Governor Andrew M. Cuomo today congratulated New York Air National Guard Staff Sgt. Christopher Petersen who was recognized as National Guardsman of the Year by the USO during its annual Gala in Washington D.C. last night. Petersen, of Commack, Long Island, is a full-time member of the 106th Rescue Wing's 103rd Rescue Squadron. He was one of six service members recognized by the USO. The National Guardsman of the Year recognition from the USO, which has provided services to American troops around the world since 1941, is a great honor.
On behalf of all New Yorkers, I congratulate Staff Sgt. Christopher Petersen for his recognition by the USO as National Guardsman of the Year, Governor Cuomo said. During his service in Afghanistan, he put his own life on the line to save three fellow Americans in the face of enemy fire. He is wholly deserving of this award and he has truly made New York proud. His selection by an organization like the USO is also a salute to all members of the New York National Guard. I thank him for his dedication to our state and country.
Petersen is also slated to receive the Bronze Star with Valor device during a December ceremony at F.S. Gabreski Air National Guard Base in Westhampton Beach. The award, which will also be presented to five other members of the New York Air National Guard's 106th Rescue Wing, recognizes Petersen's heroism under fire during a December 10, 2012 medical evacuation mission in Afghanistan.
Sgt. Petersen was one of six New York Air National Guard pararescue Airmen who responded when four Soldiers -- three Americans and one Afghan -- were critically injured in an ambush near Kandahar, Afghanistan. Petersen repeatedly exposed himself to enemy fire as he treated the injured and protected them from incoming fire with his own body. In addition, Petersen repeatedly distinguished himself during demanding pararescue training and has been recognized as Airman of the Year by his own unit, the 106th Rescue Wing and the New York Air National Guard because of his professionalism and dedication to duty.
I just did my job, Petersen said. There are a lot of other people who are just as deserving.
Petersen graduated from Commack High School in 2003, and was a member of the University of Notre Dames class of 2007. After graduation he joined Ernst & Young as a financial analyst but left that job in August 2008 to join the Air National Guard as a pararescue Airman.
Known as Guardian Angels, pararescuemen are trained to rescue people on sea or land by parachuting in or rappelling out of a helicopter. They are experts in small unit tactics, firearms, small boat operations, scuba diving, high altitude parachuting and rescues of every kind. They are also trained to provide medical support and are skilled in survival and ground combat skills. In Afghanistan, Air National Guard pararescuemen like Petersen are often called on to conduct medical evacuation missions while under fire.
After completing Air Force Basic Military Training at Lackland Air Force Base, Texas, he entered the pararescue training "pipeline" which requires passing Army Airborne School, Army Freefall School, Air Force combat divers training, Air Force emergency medical technician training, and Air Force survival school as well as Navy training in exiting an aircraft underwater. He finished the demanding training program in January 2011.
While at Pararescue School, he received the Charles D. King Award for top academic performer, the Purple Heart Association Award, and the Jason D. Cunningham Award for medical excellence.
"Because of Staff Sergeant Petersen's bravery while serving in Afghanistan, three soldiers are alive today. In those crucial moments he made it possible for three of his comrades to share many more special moments with their friends and family members." said USO Executive Vice President and Chief of Staff John I. Pray, Jr. "Not surprisingly, the USO is immensely proud to be able to thank Staff Sergeant Petersen on behalf of all Americans for his selfless service and heroism."
During two deployments to Afghanistan, Petersen served on more than 85 combat missions.
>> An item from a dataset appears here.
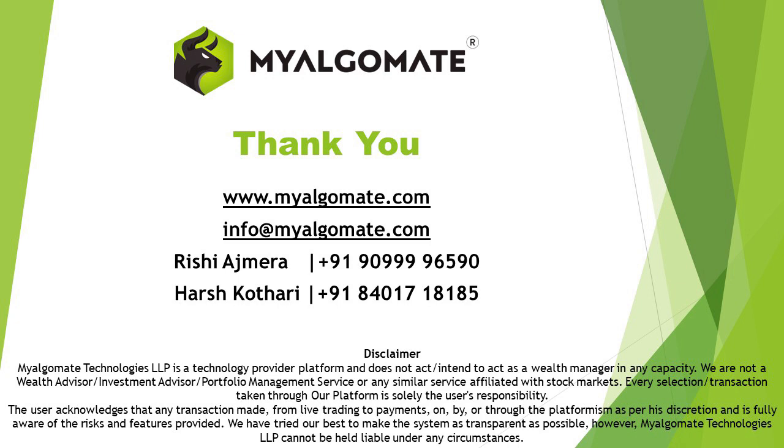Thank you so much for watching this video. Open a trading account with us and get exciting discount offers in purchase of algos. Please like and share this video and subscribe to our channel for more content like this. For any further queries you can reach out to us on given mail or given number.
Petersen said he elected to serve as a full-time member of the Air National Guard because he wants to develop the military skills he's honed as a pararescueman.
I enlisted in a time of war and it would be wrong for me to shy away, he explained. Knowing that the people we pick up or treat come back home to their family and friends is pretty meaningful.
Petersen remains active in the community, working with the Boy Scouts of America, the Wounded Warrior Project, the "That Others May Live" Foundation, and the American Cancer Society.